Mat Kearney didn't set out to write just another collection of songs for Young Love, his third full-length album and first for Universal Republic Records.
Instead, he penned a pastiche of honest, heartfelt, and hypnotic stories that'll make you move your feet and put a smile on your face. Kearney gives a piece of himself on every tune, while building timeless tales for listeners to follow as they dance and sing along.
The Oregon-born and Nashville-based artist made a conscious decision to approach songwriting differently this time around. Each phase of his career has been marked by genuine evolution. In 2004, the world was introduced to his unmistakable croon and vibrant writing style on the independently released Bullet. Signing with Columbia, he dropped his first formal full-length, Nothing Left to Lose in 2006 garnering critical acclaim and widespread recognition, moving over 450,000 units to date. Embracing a full band-fueled style, 2009's City of Black & White saw him debut at #13 on the Billboard Top 200.
He continued winning over crowds on tours with everyone from John Mayer and Sheryl Crow to Keane and The Fray. All the while, Kearney's music became appropriated by 30 Rock, Grey's Anatomy, The Hills, Friday Night Lights, Scrubs, NCIS, and numerous other television shows and films like Soul Surfer and Catch and Release. Over the course of these records, Kearney had 4 Top 20 hits on the Adult Top 40 chart. After all of this success, Kearney wanted to try something new for Young Love.
As a fan of hip-hop since childhood, Kearney actually turned to the genre for a little inspiration. "I approached Young Love like a singer-songwriter would approach a hip-hop record," he says. "We would start with beats or grooves that your body already responds to. It was a fun and fulfilling experiment."

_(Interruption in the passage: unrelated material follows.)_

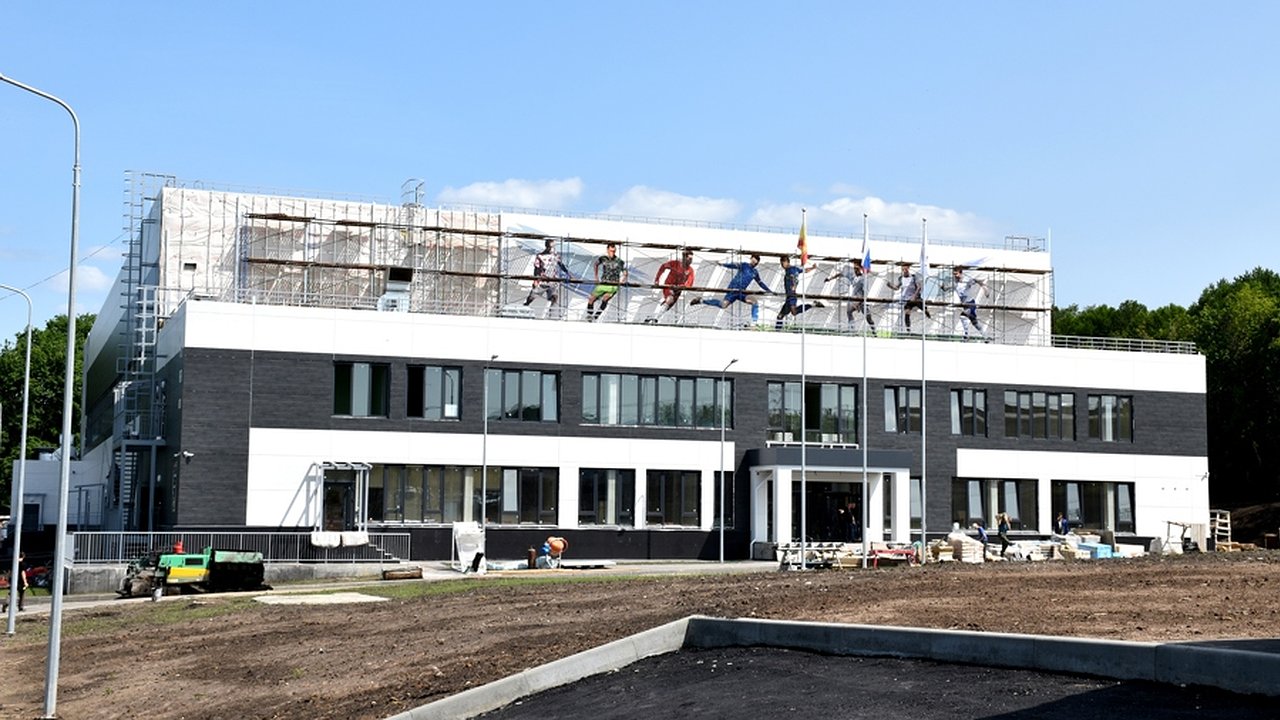 Главная картинка новости: В Чебоксарах появится крытый манеж с футбольным полем и всеми удобствами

The lead-off single "Hey Mama" ignited that experiment. The album's opening song brings listeners up close and personal with this fresh sound and into Kearney's world, introducing Young Love perfectly. "Hey Mama" describes the first meeting between Kearney and his new wife at the Anthropologie store in Tennessee that she was working at. After courting her for a few months, he stole her heart, and now it's all in the tune.
About the song he says, "The album really began with 'Hey Mama'. After clapping into my laptop and programming this beat, I was dancing around the room actually freestyling words. This wasn't me sitting around with some friends and an acoustic guitar. It was this visceral writing experience. I tried to find a way to write stories to these beats."

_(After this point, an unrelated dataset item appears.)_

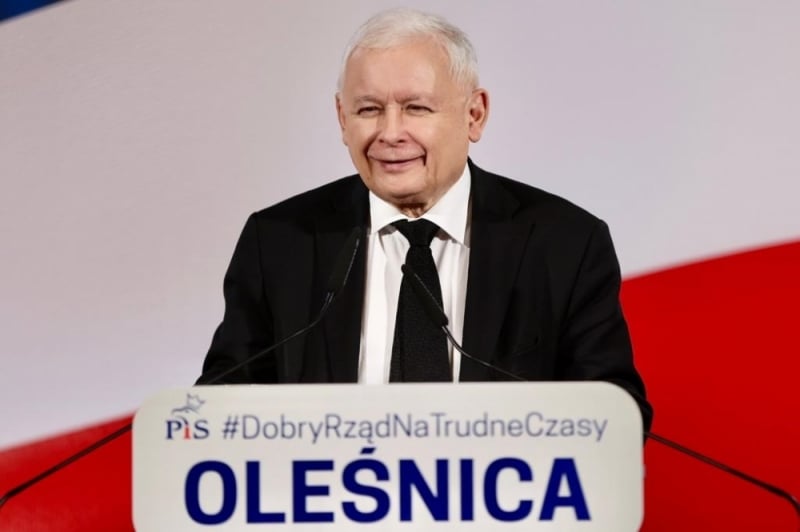 Jarosław Kaczyński w Oleśnicy: Polska jest dzisiaj zalewana kłamstwem - fot. Twitter/ Prawo i Sprawiedliwość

One of the most gripping stories on the album comes on its finale, "Rochester". Paying homage to Kearney's father, the final song also gives listeners a slice of Americana. Kearney reveals, "It's this very folk song that I wrote about my dad. My grandpa ran an illegal gambling ring in Rochester, NY out of a cigar shop, and my father lived through that. Then, he became a lawyer, went into the army, followed Pink Floyd through Europe and moved to Hawaii where he met my mother. I wrote about my family, friends, and loved ones. This album is a documentary not a drama."

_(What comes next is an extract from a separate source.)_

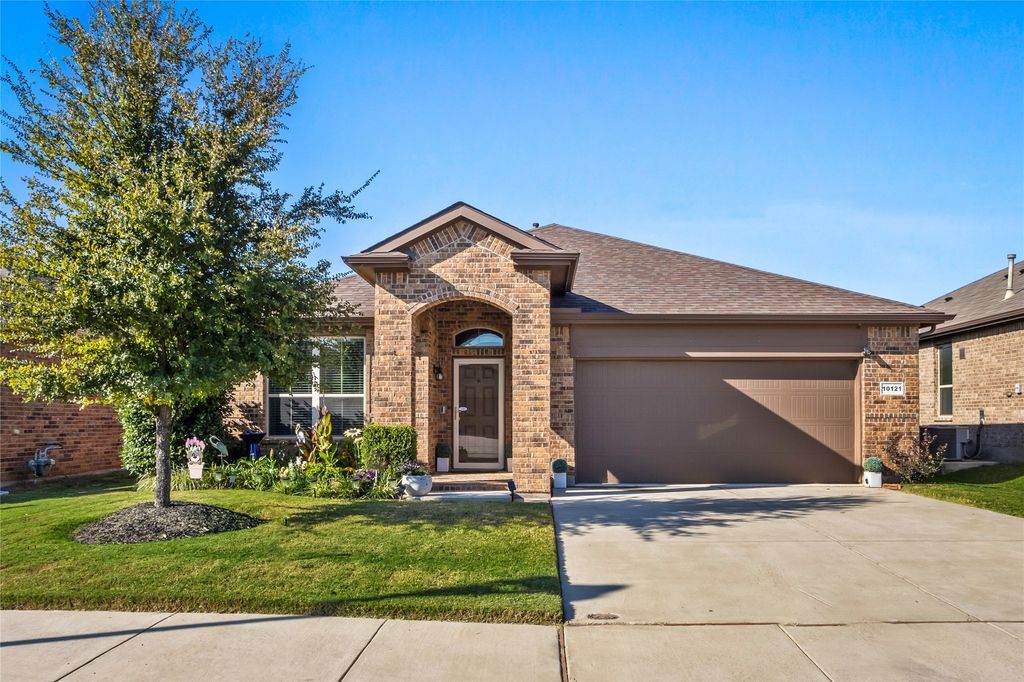 10121 Burtrum Drive, Fort Worth, TX 76177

To build this sonic documentary, Kearney went back to square one. In 2001, he moved out to Nashville with longtime collaborator Robert Marvin. They worked on each of Kearney's albums together; however, they managed to harness the same fervor of Bullet. Recording in Marvin's basement studio along with Jason Lehning, it was an exhilarating process. "It was like making a record in your buddy's house," continues Kearney. "The three of us played everything. We rekindled the spark we had at the beginning."
In the midst of recording, Kearney found a new home in Universal Republic Records, officially signing to the label in early 2011 and setting sights on a late summer release date for Young Love. Kearney opened up like never before on this album, and he didn't hold anything back. He declares, "Lyrically, I had to bleed every line if I was going to record it."
In the end, Kearney crafted stories that will be handed down for generations to come. He concludes, "There's a sense of joy, honesty, vulnerability, and wisdom in this record. I've experienced pain, but I still want to feel like that high school with butterflies in his stomach who loves life and has hope."